Understanding PDCs and BDCs
Get the lowdown on domain controller basics.
December 6, 1999
Domain controllers made easy
Windows NT Server organizes groups of computers into domains so that all the machines in a domain can share a common database and security policy. Domain controllers are systems that run NT Server and share the centralized directory database that stores user account and security information for one domain. When users log on to a domain account, the domain controllers authenticate the users' username and password against the information in the directory database. (You might know the directory database as the security domain database or as the SAM database.)
During NT Server installation, you must designate the role that servers will play in a domain. NT gives you three choices for this role: PDC, BDC, and member server (i.e., a standalone server). You create a domain when you designate a PDC. PDCs and BDCs are crucial elements in domain theory and practice. To maintain control of and get the most out of the domains you establish in your NT network, you need to understand what PDCs and BDCs are, how to synchronize the directory database from a PDC to the BDCs in its domain, how to promote a BDC to a PDC when the PDC is offline, how to determine the optimum number of BDCs for a domain, and how to manage trust relationships between the PDCs of separate domains.
PDCs and BDCs: What's the Difference?
Although NT 4.0 and NT 3.51 domains can contain multiple servers, only one server in a domain can be a PDC. The PDC stores domain accounts and security information in the master copy of the directory database, which the PDC maintains. When you make changes to user accounts or security information, the PDC records the changes on the directory database master copy. A PDC is the only domain server that directly receives these changes. In other words, PDCs store a read-write copy of the directory database.
A domain can have multiple BDCs. Each BDC in a domain maintains a read-only copy of the PDC's master directory database. You can't make changes to a BDC's copy of the directory database. Because directory database duplication occurs between the PDC's master directory database and the BDCs' directory database copies, you can promote any BDC in a domain to the PDC if the original PDC fails or you must shut it down for maintenance. BDCs also help share the load of authenticating network logons.
Having at least one BDC in a domain is crucial. If the PDC fails, you can keep the domain functioning by promoting the BDC to PDC. Promoting the BDC ensures that you can make changes to the directory database and propagate those changes throughout the network. BDC promotion also guarantees access to network resources and keeps the directory database accessible to the domain. If the directory database isn't accessible to the domain, users can't log on and become authenticated to the domain. Computers can't identify themselves to the domain and therefore can't create the secure channel necessary for communication between machines in the domain. Group accounts won't have access to resources in the domain. In short, without a BDC to promote to PDC, you'll have a lot of explaining to do when your network comes to a halt.
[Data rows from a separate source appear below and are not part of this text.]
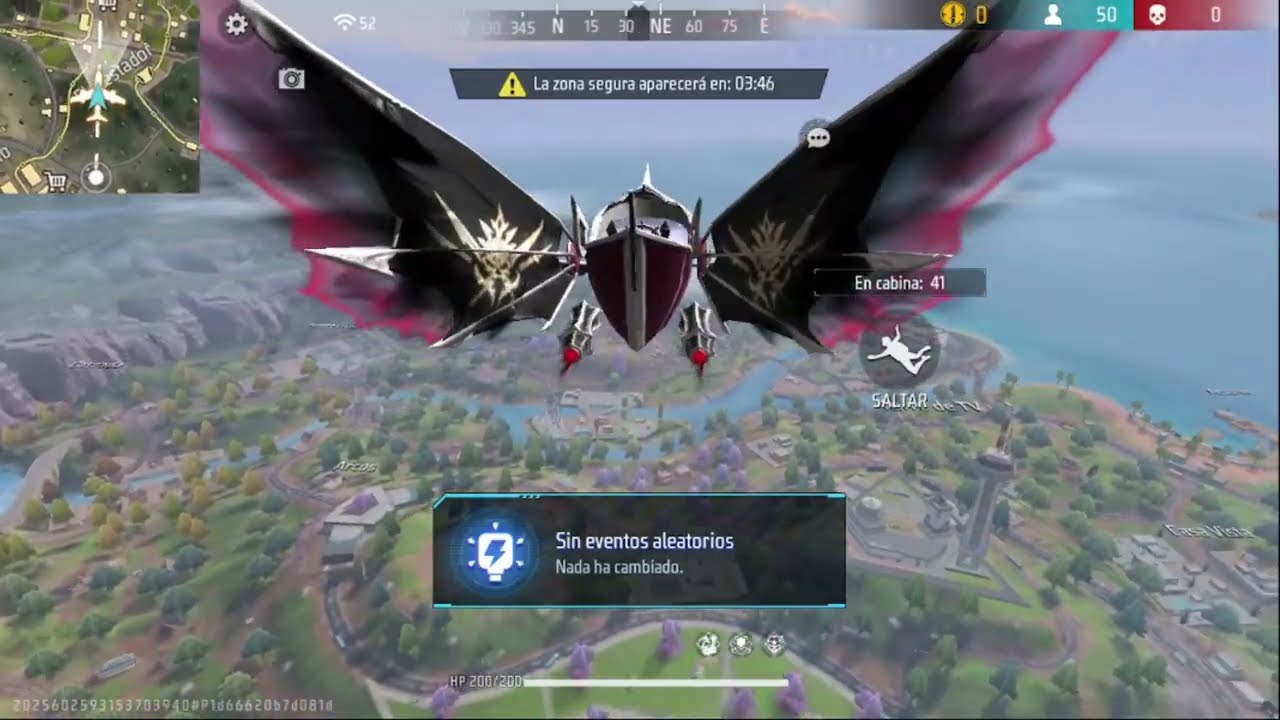 FreeFire mi preimer battle royale y pasa esto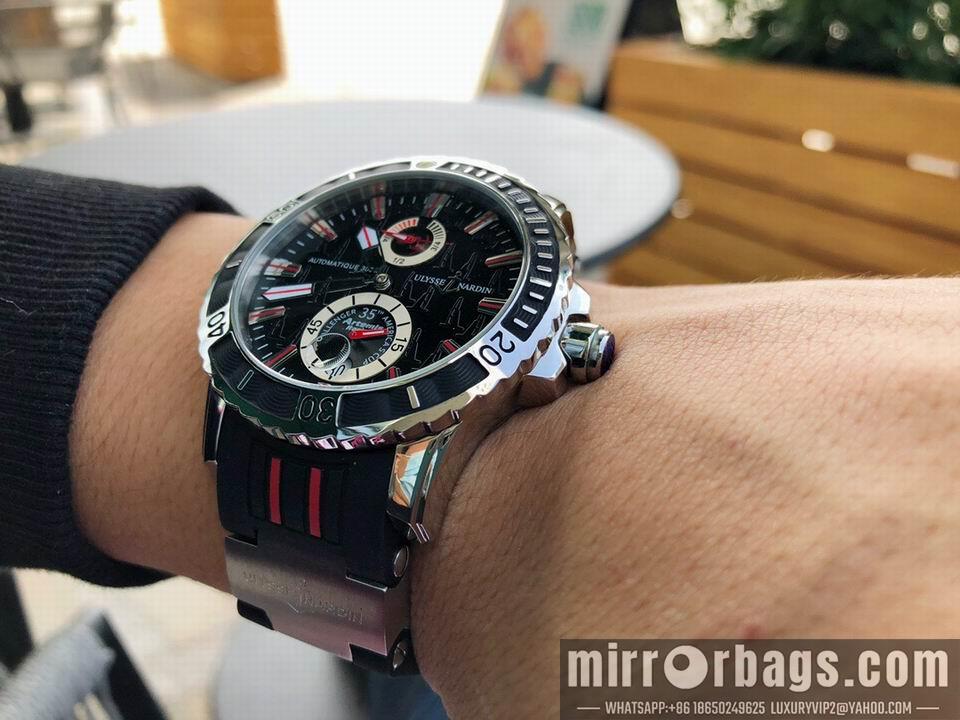 Ulysse Nardin watch 110503
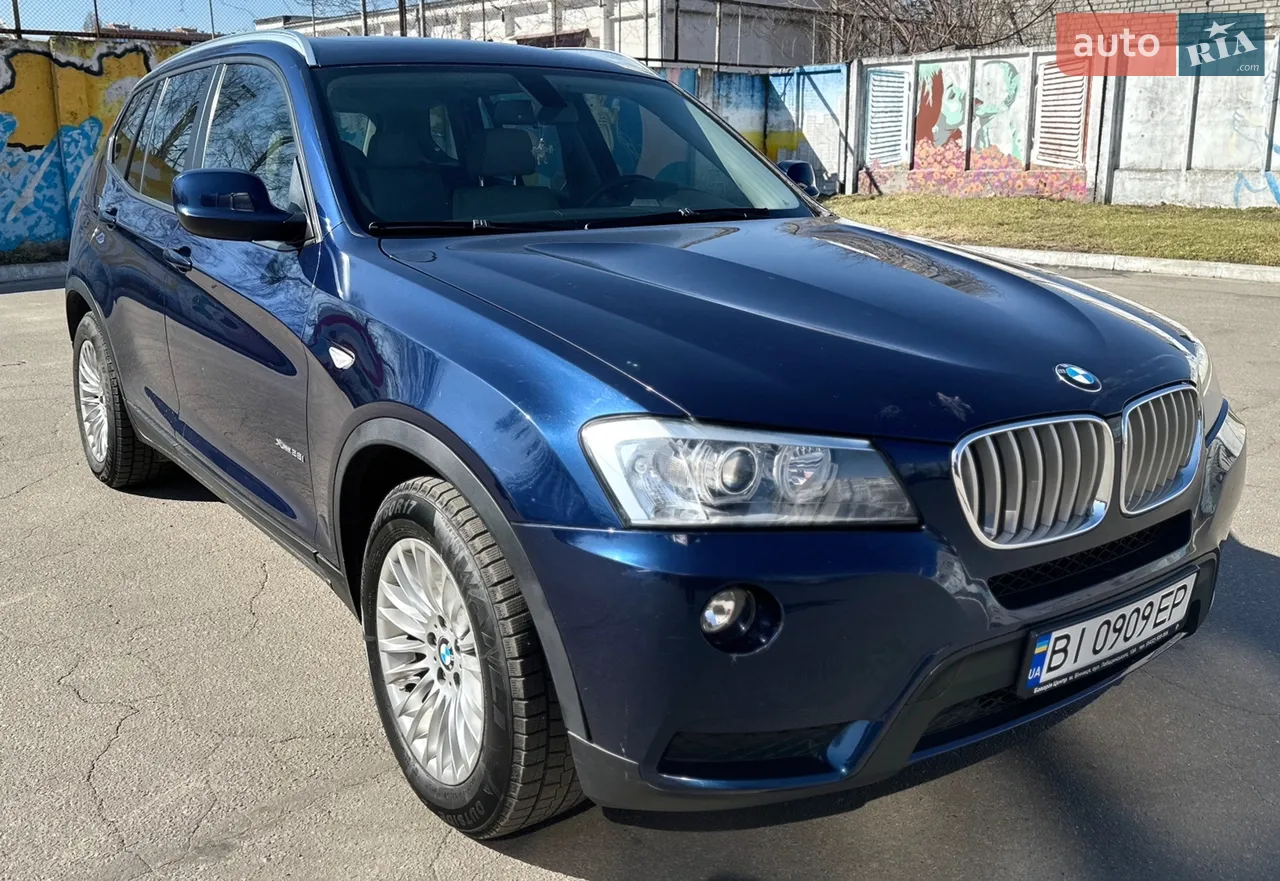 2011 BMW X3 - мініатюра 47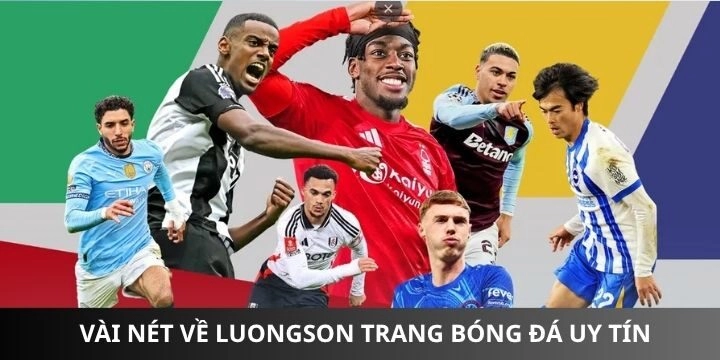 Giới thiệu vài điểm về kênh thể thao luongson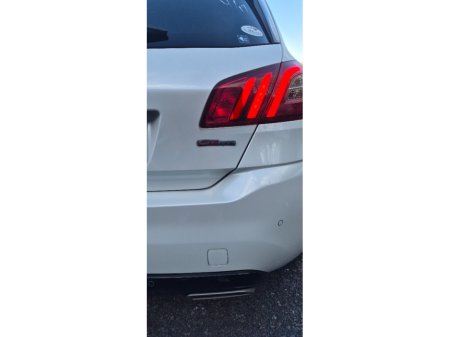 2017 Peugeot 308 GT LINE €11,950 thumbnail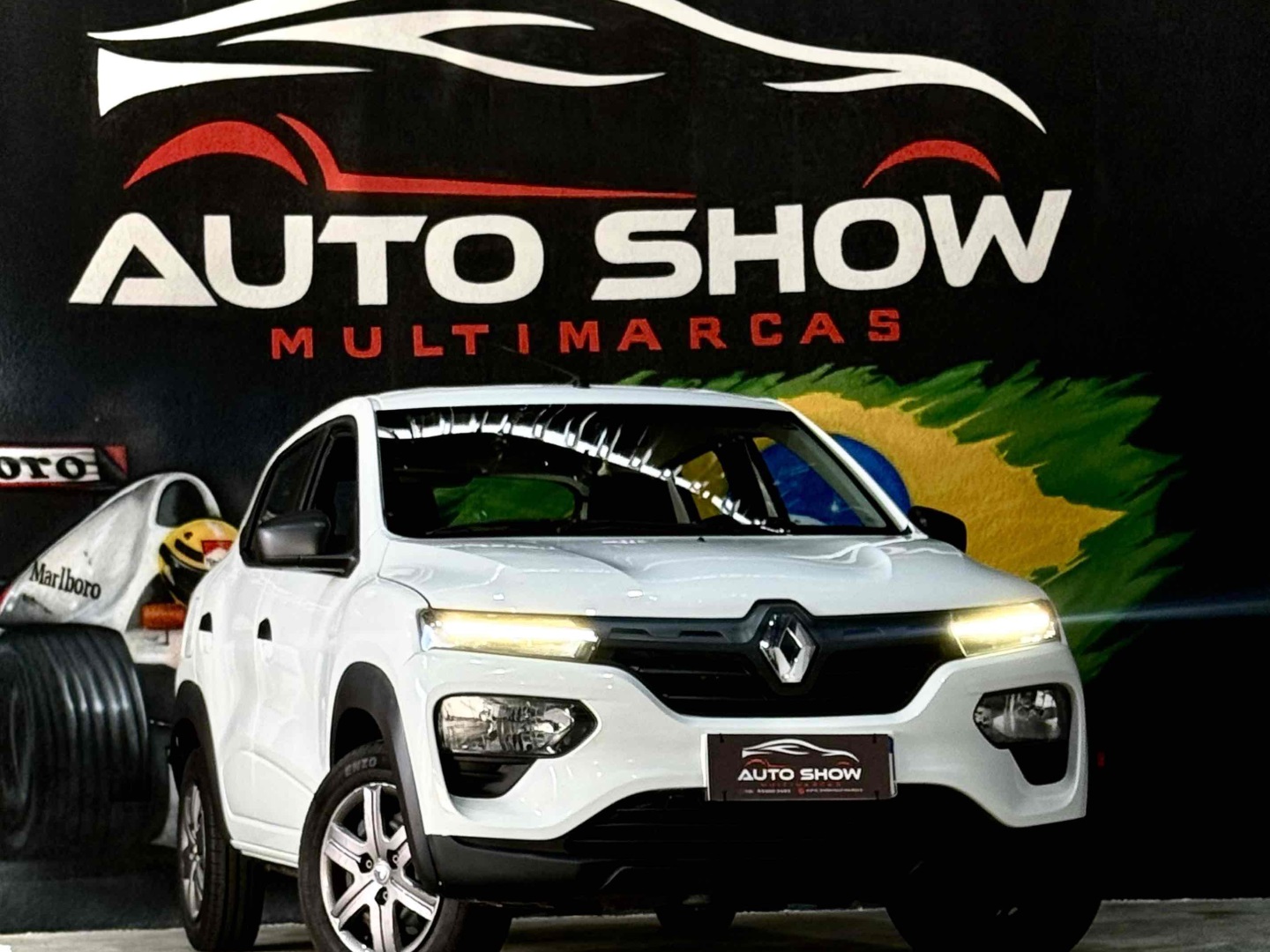 RENAULT KWID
Windows 2000 (Win2K) approaches domain controllers differently than NT does. As NT domain controllers do, Win2K domain controllers store a copy of the directory database. However, NT 4.0 and NT 3.51 implement a single master replication model in which only a domain's PDC holds the directory database master copy. In contrast, all Win2K domain controllers hold a read-write copy of the directory database. Further, in NT 4.0 and NT 3.51, a domain's PDC must always be accessible for changes to take place to the directory database. Such is not the case with Win2K because Active Directory (AD) implements the multimaster replication model. This replication model lets an administrator make changes to the directory database on any domain controller in a domain. The domain controller then replicates the changes to all other domain controllers in the domain. The result is 100 percent availability of the directory database, even if individual domain controllers are temporarily unavailable. All domain controllers in the multimaster replication model are equal; that is, the PDC and BDC designations don't exist. The sidebar "Migrating to a Windows 2000 Domain from an NT 4.0 or NT 3.51 Domain" explains what happens to your domain controllers when you migrate to Win2K.
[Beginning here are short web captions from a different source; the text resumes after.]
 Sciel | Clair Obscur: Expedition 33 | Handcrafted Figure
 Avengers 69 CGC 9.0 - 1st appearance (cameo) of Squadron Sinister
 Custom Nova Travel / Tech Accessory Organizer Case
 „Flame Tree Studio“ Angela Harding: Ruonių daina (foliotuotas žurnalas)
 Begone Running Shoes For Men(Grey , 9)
Domain Controller Synchronization
Directory database replication occurs when a domain's PDC synchronizes the database with each BDC in its domain. The system regularly synchronizes all the BDCs in a domain to maintain centralized security. When you first set up a BDC, the BDC fully synchronizes with the PDC. For that reason, setting up the connection over a high-speed link is advantageous. After the first full synchronization, partial synchronizations to the BDC occur when you or the system makes changes to the PDC's directory database.
Occasionally, the domain directory database can become unsynchronized on a BDC. For example, the BDC might go down or experience timing problems during network communication. If a BDC becomes unsynchronized, you can perform a manual synchronization. In NT 3.51, to effect a full synchronization of a specific BDC, you select Synchronize with Primary Domain Controller from Server Manager's Computer menu. However, making this selection in NT 4.0 will trigger only a partial synchronization if the PDC and BDC are both running NT Server 4.0. (See the sidebar "Domain Administration from an NT Workstation" for information about how to administer domains from an NT workstation.) Therefore, you need to execute the Net Accounts /synch command at a command prompt on the unsynchronized BDC to force a full synchronization. To manually synchronize all domain controllers in a domain, select the domain's PDC in Server Manager, then choose Synchronize Entire Domain from the Computer menu.
Promoting Domain Controllers
At times, you'll need to promote a BDC to a PDC. For example, you might need to perform routine maintenance on the PDC, or you might experience hardware problems on the PDC. When you promote a BDC to a PDC, the system automatically demotes the original PDC to a BDC after replication takes place.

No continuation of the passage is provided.